When they choose a church they look for how they live, serve and love. When they do not see the Father adored, the love of Christ practiced or the Holy Spirit welcomed in our churches, especially in our assemblies, they look for it elsewhere.
2. They are sick and tired of sectarian, legalistic church life and doctrines that confuse gospel and opinion. They are tired of leaders who believe that all practices and beliefs are of equal importance. They are tired of those that say erring in any area, including doctrines that can only be inferred by moderns who are steeped in certain notions of Western logic or have lived their entire lives in the American south, will cost them their salvation. They just aren't buying it anymore! They don't buy the hermeneutic that produced it or the attitude that spawned it. They are not interested in a church that has a huge list of rules and little joy. They are not interested in a church that pursues truth but never experiences grace.

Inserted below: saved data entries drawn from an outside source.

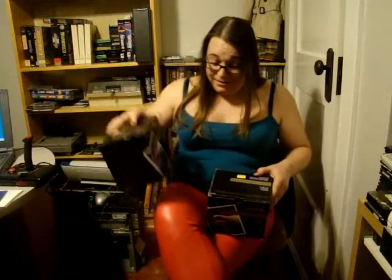And you know what's better than having one joystick? Having two! It's always good.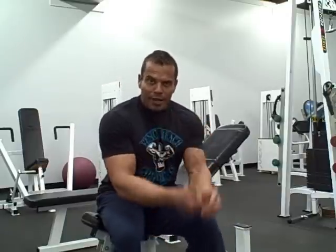Alright, so that's a complete bicep workout right there that you can do. The first one is the mid-range — just a basic seated dumbbell curl. The second one, we do the fully stretched incline dumbbell curl. And then we reverse it to get the peak contraction with the chest-down incline dumbbell curl.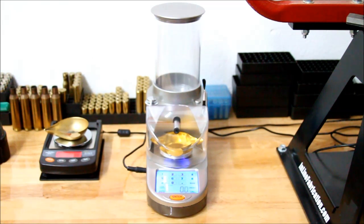Hello YouTube. This is my second video on the Lyman Gen 6 Electronic Powder Dispenser. This is the unit set up, powered on, and it's gone through its 3-minute warm-up cycle, and it's been sitting in the garage here for about the last hour or so.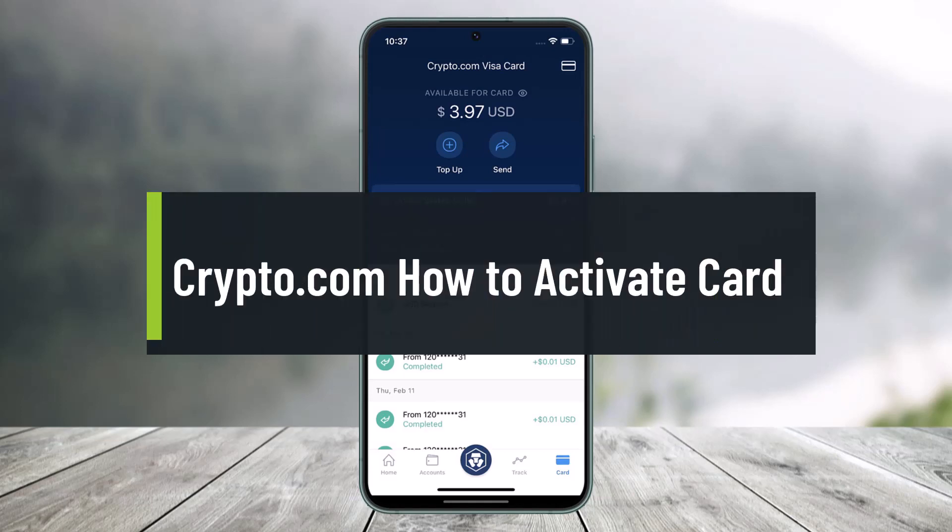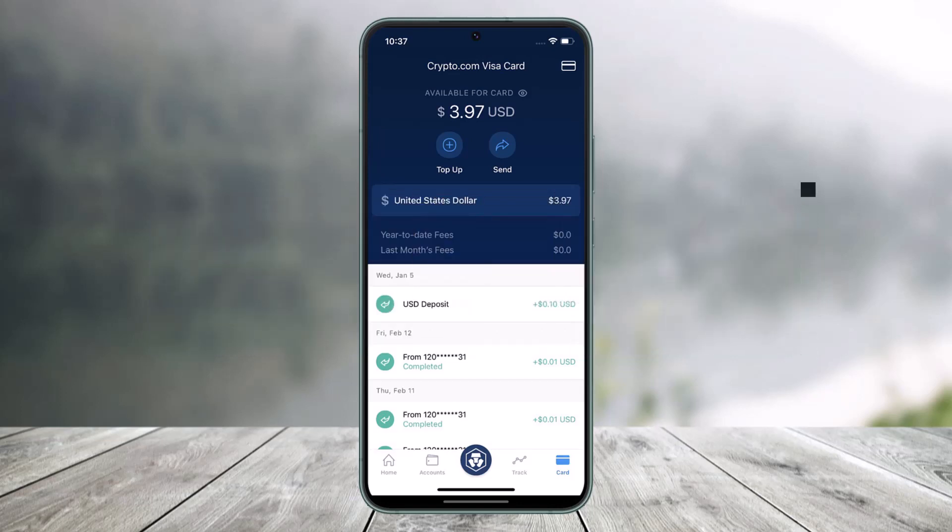How to activate your crypto.com card. Hey everyone, welcome back to our channel Help Deck. In this video I will simply show you how you can activate your crypto.com card, so make sure to watch the video till the end.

3. Some are leaving as a by-product of an unwillingness by some church leaders to critique the beliefs and practices of other religious fellowships while at the same time being highly critical of the more traditional churches in our fellowship. (This is from the more progressive end of our fellowship) We'll say how awful it is that our traditional churches are keeping people jailed up in traditional legalistic doctrine, but will not say a word about the Hindu faith or Buddhism for example. We don't want to be like our traditional brothers and say bad things about other groups, so our kids leave, thinking that those are viable solutions to spirituality. They want to hear that Christianity is the right place to be.
4. They see us arguing and finger-pointing, gossiping, and talking about one another instead of to one another. They hear about how sometimes it is "necessary to divide!" They shake their heads and say this is not what church is all about. Many of them are leaving because they don't want to deal with it anymore.
"Is it worth going into ministry for churches who act like this?"
"I just don't want my daughter to grow up listening to the preacher publicly condemn others who don't do things the same way as them."
"I can't even ask a question about some of our doctrines without getting snapped at or getting funny looks by others as if what I have asked is nonsense."
Jack's final comments were very profound and this is how I will end this post:
"Waiting to have unity until everyone agrees is like having cancer but refusing treatment until the malignancy is gone. Unity IS the treatment! Unity is ONLY possible in the midst of disagreement. It is what makes it unity."